In other news, since this is crimenotes I'm responging to, The Daily Show had a fabulous bit last night about John Roberts being opposed by both the far-right and far-left. Likened that ad that made it seem he was pro-abortion-clinic-violence to: "If you, in 1982, bought 'Thriller'...you support child molestation." Brilliant parody. Thought you'd enjoy, see ya back here sometime soon.
It would have been great if St. John ended the book with a detailed account of that Orange Bowl. I think he just ran out of steam.
Interesting -- I'd like to read the St. John book (Chronicle of Higher Education called it, "the greatest book ever written about college sports," or something like that). The thing is, though, I generally find SEC fans -- and Alabamans in particular -- contemptible, moderately frightening, and, at best, poorly behaved. I suspect this book would only reinforce those feelings. What's missing is the purer, more elemental love, which tends not to be fueled by Jack Daniels and chew. I sound incredibly self-righteous, I know. But I firmly believe that the difference between college football fans is proof positive that evolution is real. Fuck intelligent design. Who's going to argue that Tennessee fans are anything other than loathsome brutes?
We all better hope the bride and groom witness a victory that day -- you'd hate to see the lovely bride, resplendent in silk and tulle, go red-faced and hurl expletives at a T.V.
There's a lot of pure, elemental love displayed by the fans in the book, and by St. John himself. I ended up with more respect for the Alabama fans than I had when I went in. Plus, they hate Tennessee more than anything, which works for me. Tennessee is squarely in my top three most hated programs.

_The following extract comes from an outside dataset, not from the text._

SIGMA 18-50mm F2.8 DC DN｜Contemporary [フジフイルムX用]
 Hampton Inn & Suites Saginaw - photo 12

I also wanted to add something about my colleague's unverifiable theory. I tend to agree that sports serve as a harmless outlet for all of our baser instincts. Hatred certainly being high on that list. I think what made me realize this was my freshman year in college, when I became a hockey fan. First by attending games at Yost, but also by sort of harmlessly (so I thought) joined my Detroit-based friends in rooting on the Red Wings. When I saw Claude Lemieux assault Kris Draper, and the Avalanche go on to beat the Wings ... well, I knew. Any team that can, on the cusp of the championship, lose to a team from Denver and leave me feeling like I've had the wind knocked out of me, well, that's MY team. It's pathological, I konw. And yet, that was what made me a Red Wings fan. Of course, it seems all too wrong that my fandom was rewarded shortly after, which is why I can't take them too seriously anymore.
Actually, watching that game with a bunch of friends you haven't seen in a while sounds pretty fun. I say this as someone who spent two Saturdays last fall at weddings of people with whom I shared no college ties. I was going bonkers during the Michigan State game as Michigan started to come back. Then the local affiliate switched to the Washington State game. I also say this as someone who had to watch that game one year alone at the bar of a Chili's in in the Shenandoah Valley.